When you copy the data, keep every line exactly as written and skip the pictures.
··· Information shown ···
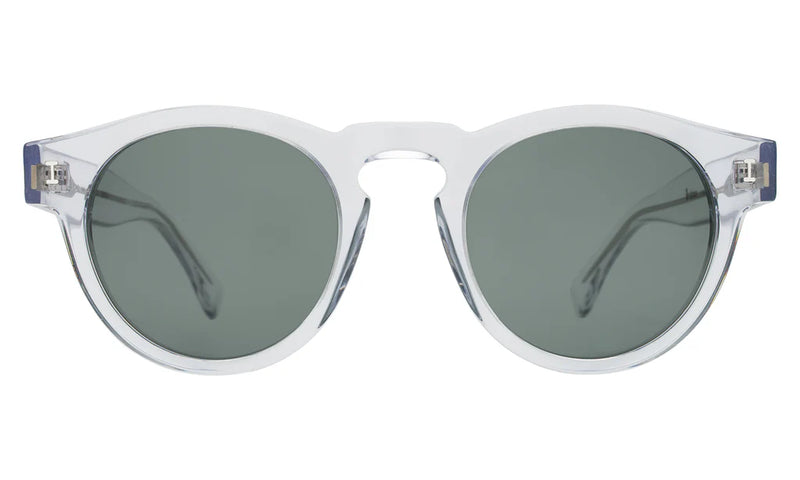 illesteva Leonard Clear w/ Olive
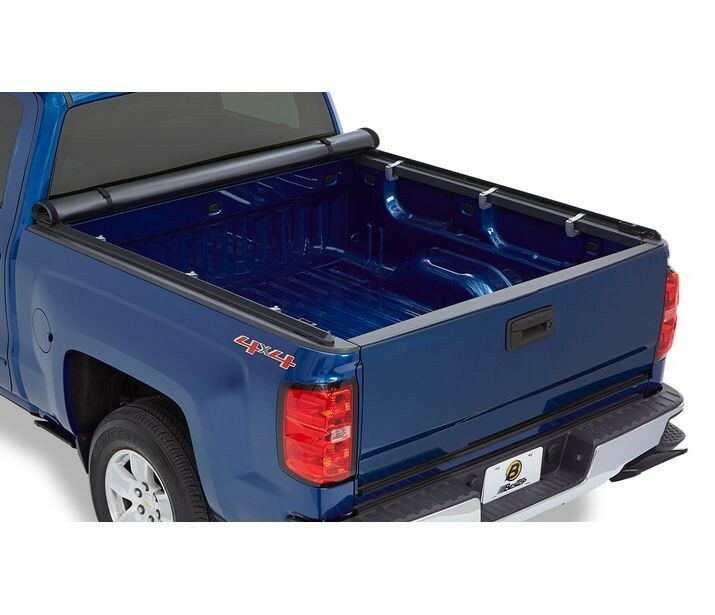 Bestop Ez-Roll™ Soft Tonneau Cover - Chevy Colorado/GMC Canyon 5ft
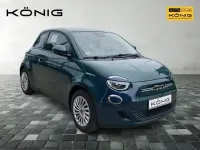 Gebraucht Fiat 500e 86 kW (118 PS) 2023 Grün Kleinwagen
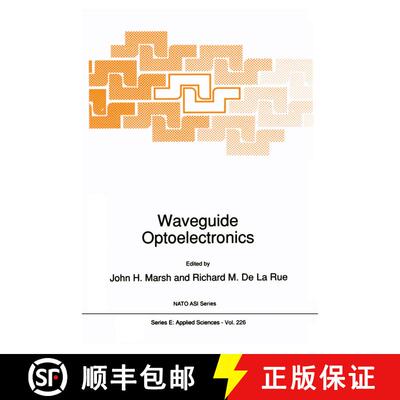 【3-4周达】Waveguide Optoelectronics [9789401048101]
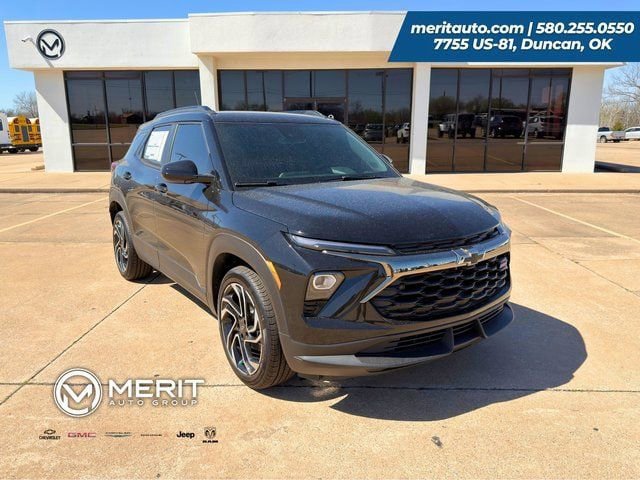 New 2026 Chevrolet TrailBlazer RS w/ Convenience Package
···
- [Task answer]:
 illesteva Leonard Clear w/ Olive
 Bestop Ez-Roll™ Soft Tonneau Cover - Chevy Colorado/GMC Canyon 5ft
 Gebraucht Fiat 500e 86 kW (118 PS) 2023 Grün Kleinwagen
 【3-4周达】Waveguide Optoelectronics [9789401048101]
 New 2026 Chevrolet TrailBlazer RS w/ Convenience Package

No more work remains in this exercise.